:: WORK ORDER ::
Every line from the one containing "Valentine Roses Globe" to the end of the records below must be copied exactly, and no pictures may be included.

:: Short descriptive text snippets ::
== == ==

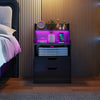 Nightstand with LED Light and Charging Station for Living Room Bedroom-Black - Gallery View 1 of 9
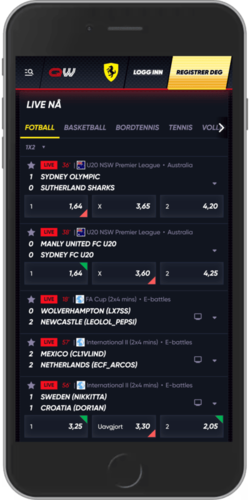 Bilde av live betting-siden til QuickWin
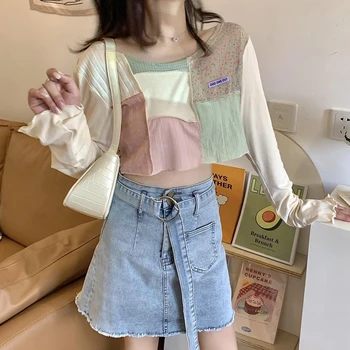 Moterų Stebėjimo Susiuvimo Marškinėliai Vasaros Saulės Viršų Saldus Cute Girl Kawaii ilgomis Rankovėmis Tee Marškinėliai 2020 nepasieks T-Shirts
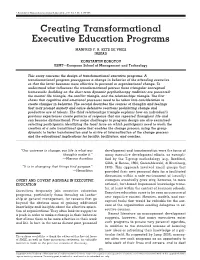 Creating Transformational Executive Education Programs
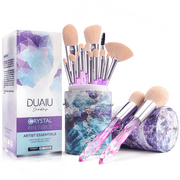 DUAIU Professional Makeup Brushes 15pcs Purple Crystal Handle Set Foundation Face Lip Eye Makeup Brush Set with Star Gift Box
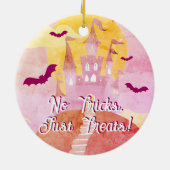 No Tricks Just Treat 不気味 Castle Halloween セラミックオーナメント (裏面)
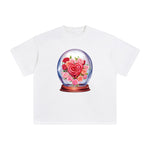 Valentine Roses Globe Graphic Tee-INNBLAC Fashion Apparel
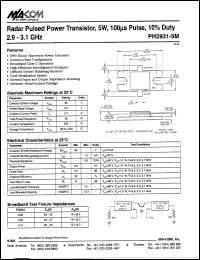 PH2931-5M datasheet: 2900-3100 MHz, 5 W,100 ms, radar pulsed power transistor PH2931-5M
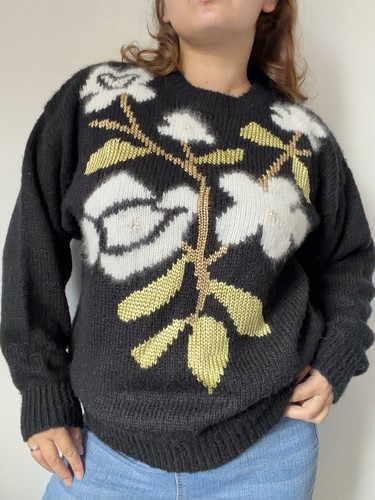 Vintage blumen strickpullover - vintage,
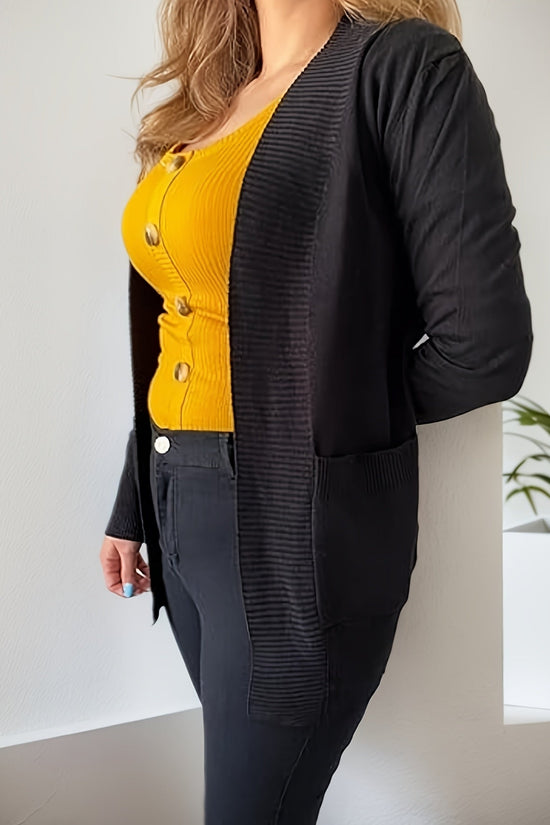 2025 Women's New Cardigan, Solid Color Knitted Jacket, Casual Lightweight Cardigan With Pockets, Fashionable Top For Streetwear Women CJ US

== == ==

:: RESPONSE BOX ::
 Valentine Roses Globe Graphic Tee-INNBLAC Fashion Apparel
 PH2931-5M datasheet: 2900-3100 MHz, 5 W,100 ms, radar pulsed power transistor PH2931-5M
 Vintage blumen strickpullover - vintage,
 2025 Women's New Cardigan, Solid Color Knitted Jacket, Casual Lightweight Cardigan With Pockets, Fashionable Top For Streetwear Women CJ US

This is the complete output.